Y lo hace respaldado por una infraestructura que no es ornamento, sino columna vertebral de un modelo de desarrollo inclusivo. Marruecos ha multiplicado sus autopistas, pasando de menos de 100 km en 1999 a más de 1.850 km en la actualidad, conectando los principales polos económicos del país. La ampliación de la línea de alta velocidad entre Kenitra y Marrakech, tras el éxito de Al Boraq, encarna una visión de movilidad moderna y equitativa.
En el ámbito portuario, el complejo Tanger Med se ha consolidado como el primer puerto de África y del Mediterráneo, con más de 10 millones de contenedores tratados en 2024. A ello se suma el proyecto del Puerto Dajla Atlántico, concebido como infraestructura estratégica para las provincias del sur, y el desarrollo de Nador West Med, que refuerza la resiliencia logística nacional.
Los aeropuertos también han sido objeto de modernización profunda. La nueva terminal del aeropuerto Mohammed V en Casablanca eleva su capacidad a más de 20 millones de pasajeros anuales, mientras que el plan “Aeropuertos 2030” busca triplicar la capacidad nacional para alcanzar los 80 millones, en preparación para la Copa Mundial de 2030.
Estas obras no son solo cifras: son puentes hacia la cohesión territorial, motores de inclusión social y símbolos de una voluntad política que no se conforma con el presente. Bajo el liderazgo del monarca, Marruecos no solo construye caminos, puertos y estaciones; construye confianza, pertenencia y futuro.
Y lo hace desde una política de Estado que trasciende los ciclos gubernamentales. Marruecos no reinventa su rumbo cada cinco años, ni somete su desarrollo a vaivenes partidistas. Bajo el liderazgo del monarca, el país ha consolidado una hoja de ruta estratégica que se mantiene firme más allá de los cambios de gabinete. Esta continuidad institucional —que en otros países se diluye entre promesas efímeras y planes abandonados— permite que los megaproyectos, las reformas sociales y las alianzas internacionales se desarrollen con visión de largo plazo. Marruecos no improvisa: construye sobre cimientos estables, y esa coherencia es parte de su fuerza. En lugar de estancarse en cada transición política, el Reino avanza, porque su política de Estado no depende del calendario electoral, sino del compromiso con el futuro.
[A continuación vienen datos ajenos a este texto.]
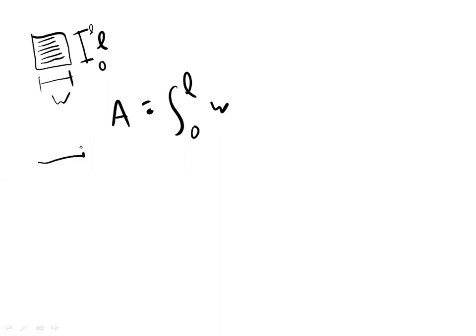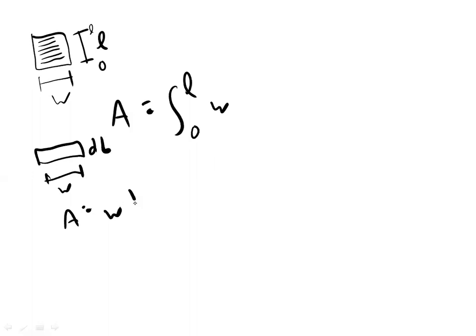One of those lines is an infinitesimally small, we'll call it DL, change in L. So area of a line is width times DL.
En el plano internacional, el monarca vuelve a tender la mano a Argelia con una elegancia poco común en la retórica política. Habla de fraternidad, no de conveniencia; de historia compartida, no de cálculo geoestratégico. El discurso rehúye el antagonismo y opta por la nobleza del reencuentro. Reafirma su fe en la Unión Magrebí no como nostalgia ideológica, sino como necesidad histórica que exige coraje político. Marruecos se perfila como país emergente, sí, pero lo hace sin sacrificar el lenguaje de la paz ni la vocación integradora.
La referencia a las Fuerzas Armadas, a los mártires de la Nación, al legado de los monarcas pasados, no cierra el discurso en un tiempo ceremonial: lo proyecta. Es un recordatorio de que el presente está hecho también de memoria, y que gobernar es, en parte, rendir homenaje activo a quienes dieron forma a lo que hoy somos. El pasaje coránico que lo concluye no es imposición religiosa, sino invocación del cuidado: el Dios que alimenta en la escasez y da seguridad en el miedo es también símbolo de un liderazgo que protege sin ostentación.
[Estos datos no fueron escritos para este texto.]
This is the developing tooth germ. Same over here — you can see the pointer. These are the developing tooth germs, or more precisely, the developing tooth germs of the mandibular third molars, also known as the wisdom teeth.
Este discurso no solo honra a Marruecos; honra al oficio de gobernar con decencia. Es un testimonio de cómo el lenguaje político puede reconciliar, sanar, movilizar. El rey convierte la palabra en pacto y el trono en tribuna ética. En tiempos donde muchos líderes elevan la voz para dividir, él la modula para unir. Ese es el verdadero poder: no el que impone, sino el que convoca desde la raíz de lo humano.